Malay Wedding Customs
The life of Malay people is rich in diverse rites, customs, and ceremonies. One of the brightest ceremonies is the Malay wedding, which is usually a colorful festival with many guests, which can last for several days. Traditionally, weddings were organized by the parents of a man and a woman, this bride and groom met only at the ceremony. However, while parental arrangements are still common at present, young people meet each other long before the wedding.

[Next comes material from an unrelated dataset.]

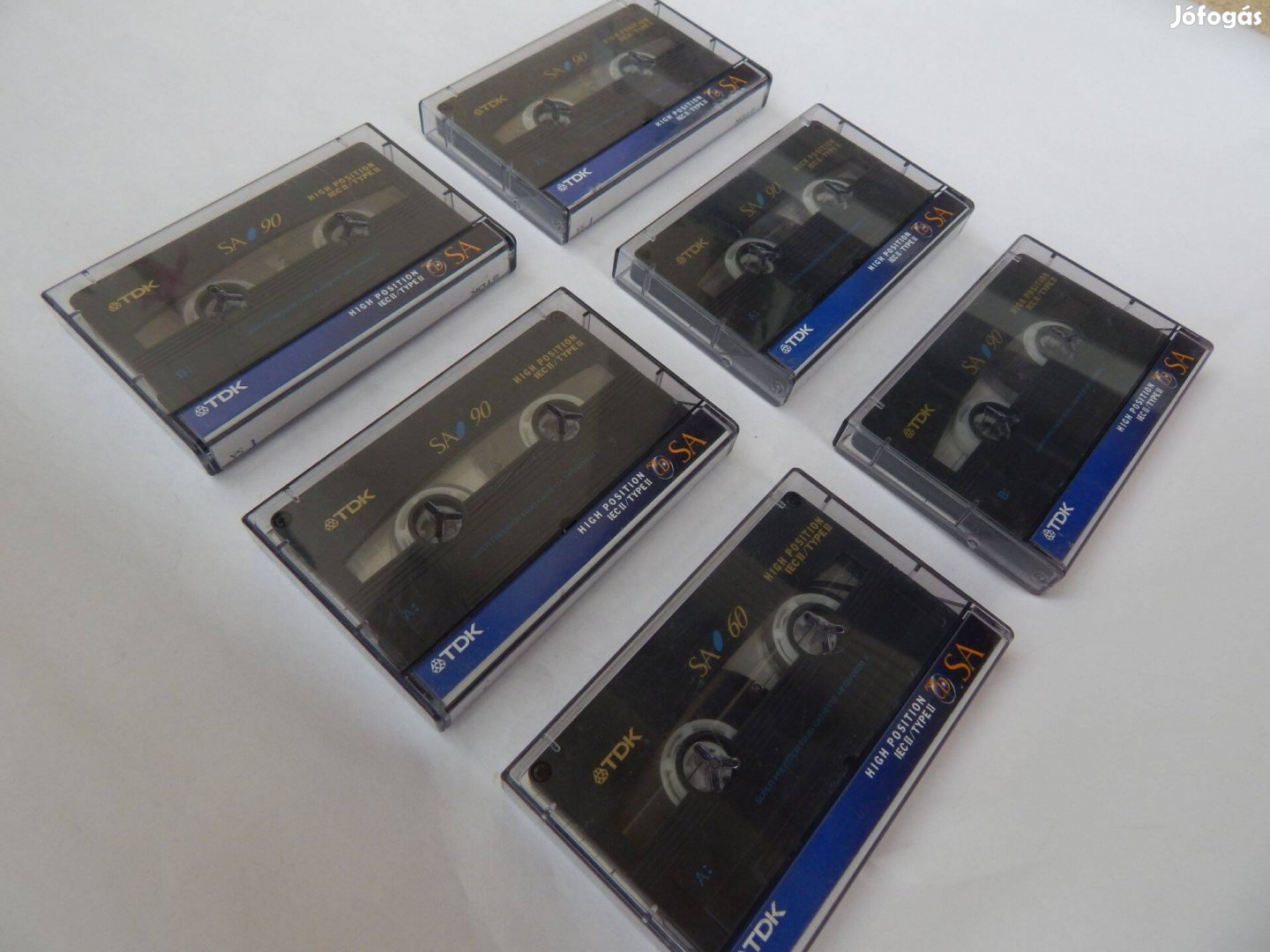 TDK SA Króm Kazetták Chrome Casette 6-os Szettben Egyben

In fact, the Malay wedding ceremony consists of several components. Adat Merisik is a process of seeking a couple when a family or a young man chooses a bride. After that, when the decision to marry is announced, the families gather to discuss the plan of action. Henna Staining Ceremony begins three days before the wedding and includes the presentation of the bride’s wardrobe and henna staining itself. The following component is formal. It is called Akad Nikah, and it is the marriage contract. The branding ceremony is a demonstration of the blessing and approval of the couple. They sit on a special sofa, and their guests sprinkle them with rice and scented water. Finally, the ceremony called Royalty for a Day is held. The newly-wed couple is treated like king and queen. It includes many people dressed in costumes, music, and flowers. After that, the guests are invited to a festive meal.
Jewish Shabbat Custom
Shabbat is, probably, one of the best-known Jewish customs. It is considered to be a centerpiece of Jewish culture. It is a day of rest that has to be spent with family. It begins on Friday evening and lasts until the sun sets on Saturday. Shabbat comprises many rules and traditions that should be followed. Before the Shabbat evening, the candles are lit. This process symbolizes peace and the festiveness of that time. A celebratory meal is also typical of Shabbat. The family gathers at a table to have dinner together and to say a prayer. However, it is important to prepare everything in advance, because cooking, as well as some other activities, are not allowed during Shabbat. In addition to cooking, Orthodox Jews should not drive, turn on or off any appliances, or carry something outside the house. There is also a tradition of bidding farewell to Shabbat. It is called Havdalah, which is Hebrew for “separation.” Commonly, on a Saturday night, a blessing is cited over a cup of wine after the three stars appear in the sky. Still, this ritual may differ in the time it is held, depending on the community.
Native American Death and Funeral Customs
Although Native American culture and customs are diverse due to the existence of more than 500 tribes, there are some common beliefs that influenced tribal traditions. Native American beliefs about death make an important part of their life. While there is no concept of religion that usually defines the issue of death, Native Americans developed their beliefs on the ground of historical, spiritual teachings. In fact, every tribe has specific traditions about death and funerals. Nevertheless, all of them share a common feature, which is the belief that the spirit of a person continues living after physical death. Although there are no concepts of heaven and hell in the Native American tradition, some tribes believe that there is a particular place where the souls of the dead are welcomed. Other tribes practice communication with the spirits of their dead ancestors due to particular ceremonies and rituals. Moreover, reincarnation is another belief typical of some Native American tribes.
Funeral customs are mainly aimed at helping the spirit arrive at its final destination. Some tribes provide objects necessary for the spirit, including weapons, jewelry, and food. Other tribes paint the face of a dead person red, which is the color of life. Due to the fear of the dead, some Native American tribes burn the possessions of the dead person, including their homes, so that the spirit cannot return.